From next year about 2-million legal firearm owners will have to begin reapplying for their licences. The project has already cost the state more than R63m.
Police have come under fire for the regulations relating to the act, and have been besieged by accusations that they will disarm the private security industry and do irreparable harm to the R2bn- a-year hunting industry.
Committee chairwoman Maggie Sotyu told the assembled commissioners from North West, Limpopo, Eastern Cape, KwaZulu-Natal, Free State, Northern Cape and Mpumalanga that the information they supplied to members of the committee was different to that which the committee had been given on the ground while on oversight visits.
Sounds like they’re taking a cue from Canada and implementing a registration scheme that will fail. The next article says the numbers don’t add up (sound familiar?):
The reality in SA is that 60% of all robberies involve the use of guns. About half of all murders in the country are committed with guns. There are 30 murders for every 100000 of the population each year, making us the secondhighest in the world.
And SA does not have huge numbers of legal guns because the majority of the population historically were denied the right to own guns what we have is racially skewed gun ownership.

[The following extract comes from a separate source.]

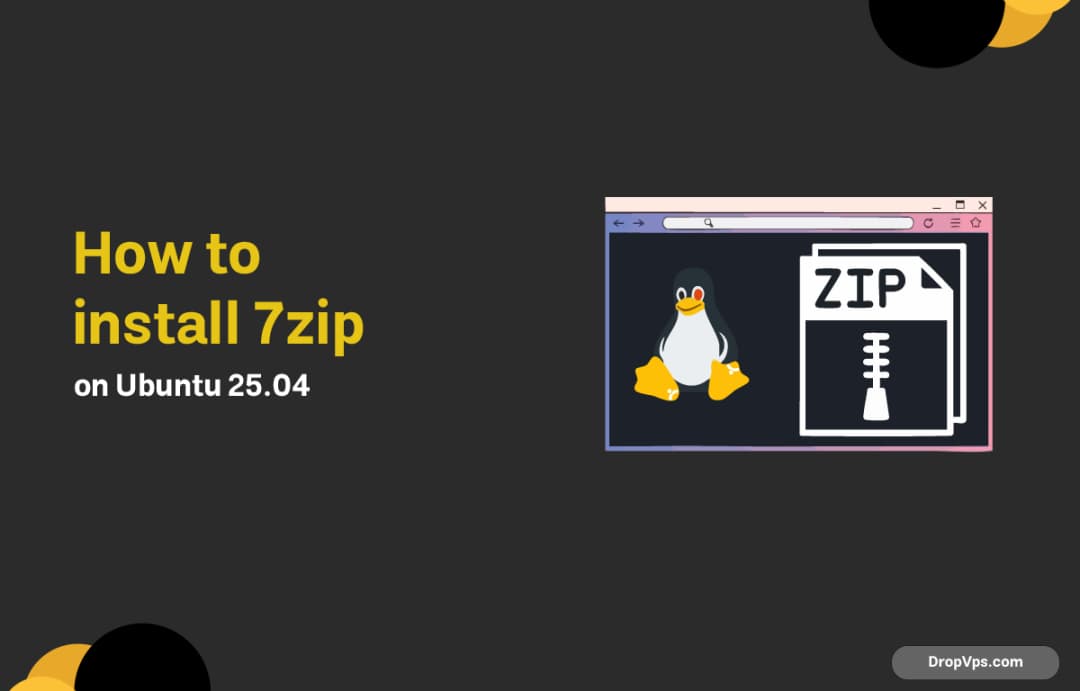 how to install 7zip on Ubuntu 25.04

The safety and security committee was told that only about 2million South Africans own about 4- million guns. That is less than 5%. Legal guns that is.
MPs were also told that in the past five years 176559 guns were destroyed. But there was another statistic that was pretty scary. In 1998 guns reported lost or stolen totalled 19507. This number has steadily decreased over the past six years, with 12216 guns reported lost or stolen this year so far. The scary part is that in 1998 the number found (either confiscated or recovered) came to 9384. This figure has steadily increased over the same six years, with 20234 guns found between January and August this year.

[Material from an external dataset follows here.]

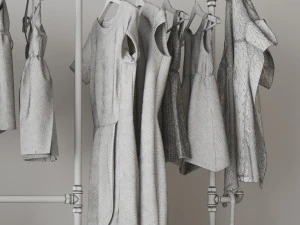 Hall tree and Clothing Rack CR11 3D Model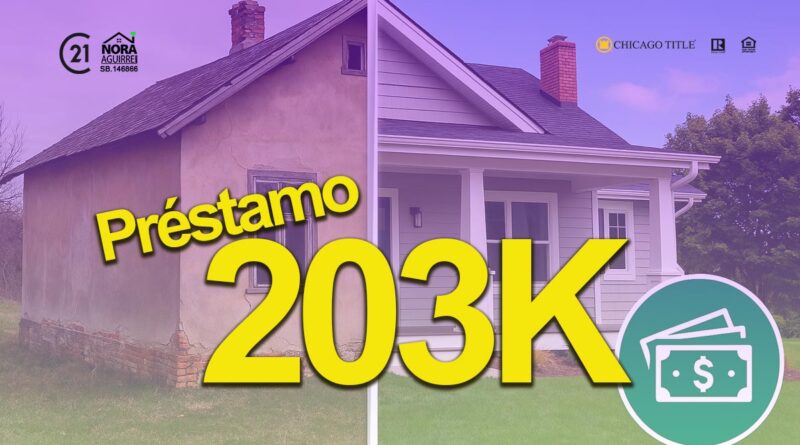prestamo fha 203k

That means there were about 8000 more weapons found than were lost. Where on earth did they come from? If they were lost or stolen and not reported, why do the South African Police Service figures for prosecutions of those who have been negligent not reflect all these guns?
MPs were also told that this year, for instance, 48994 firearms were destroyed, but only 12000 were reported lost or stolen. Are we honestly being asked to believe more than 34000 legal gun owners failed to report that they had lost their weapons or had them stolen? So where did they come from?
You mean that a gun ban results in criminals obtaining guns illegally? Odd how that works. Additionally, roughly half of US households have guns and the murder rate is about 5.5 per 100,000. Why is that?